About

SoCCMiner Technology Stack
SoCC-Miner (Source Code-Comments Miner), a novel tool accepts raw source code as input and outputs natural language and source code attributes as data pipelines. It mines raw source code and offers different data pipelines that can be used for multiple use cases related with source code comments (for example: Source code Summarization, Program Comprehension, Automatic Comment scoping, Comment Generation, Technical Debt Detection, etc.,). It is novel as in, it can mine and extract granular level natural language comments and its associated contextual attributes. Example, for Java project: package level, class level, interface level, method level, static block level comments and its associated attributes can be mined. This tool can be easily extended to mine other attributes or create additional pipelines that can be easily integrated as data pipelines for AI networks. Currently, it supports only Java projects. It offers four different pipelines for now:
CommentsMetaAttribute: Contains basic comment attributes such as Comment Content, Comment Line Number in the source file and the name of the source file.

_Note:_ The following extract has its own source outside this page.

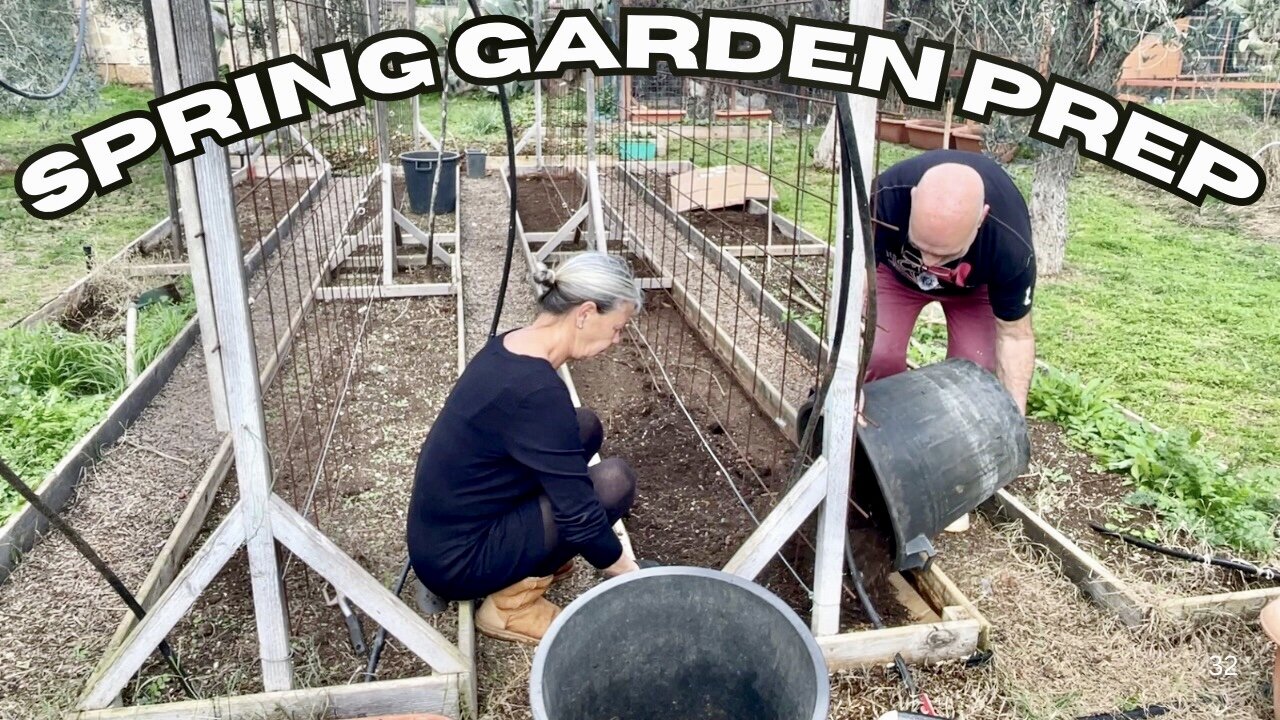 🌱 How to Revive & Prepare Your Garden Beds for a Thriving Spring! 🌸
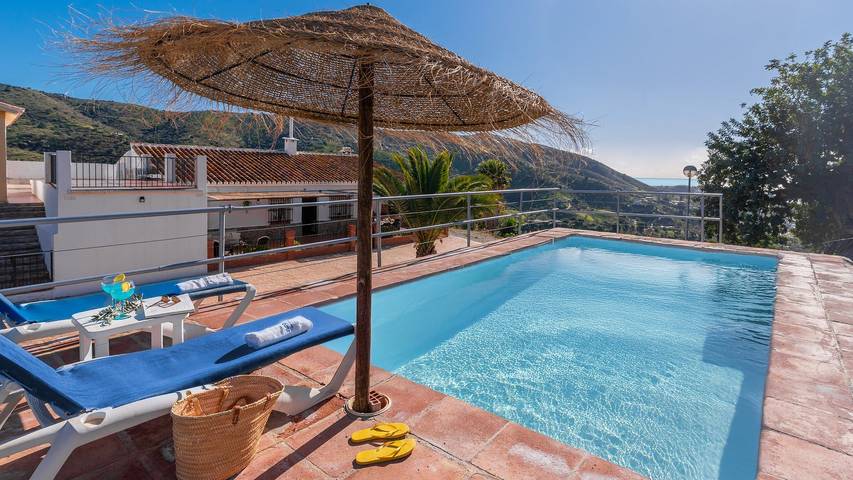 Ferienhaus für 6 Personen, mit Balkon/Terrasse und Pool in Rincón de la Victoria - 4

ComprehensiveCommentsAttribute: Contains comprehensive contextual attributes pertaining to the comment such as the preceding and succeeding source code, type of comment, category of comment (i.e., header or non-header comment), comment level and other attributes.
JavaMetaAttribute: Contains the attributes pertaining to the source code entities in the project. The programming language construct (such as package, class, method, etc.,) is referred to as entity.
JavaMiner: Combines ComprehensiveCommentsAttribute and JavaMetaAttribute pipelines.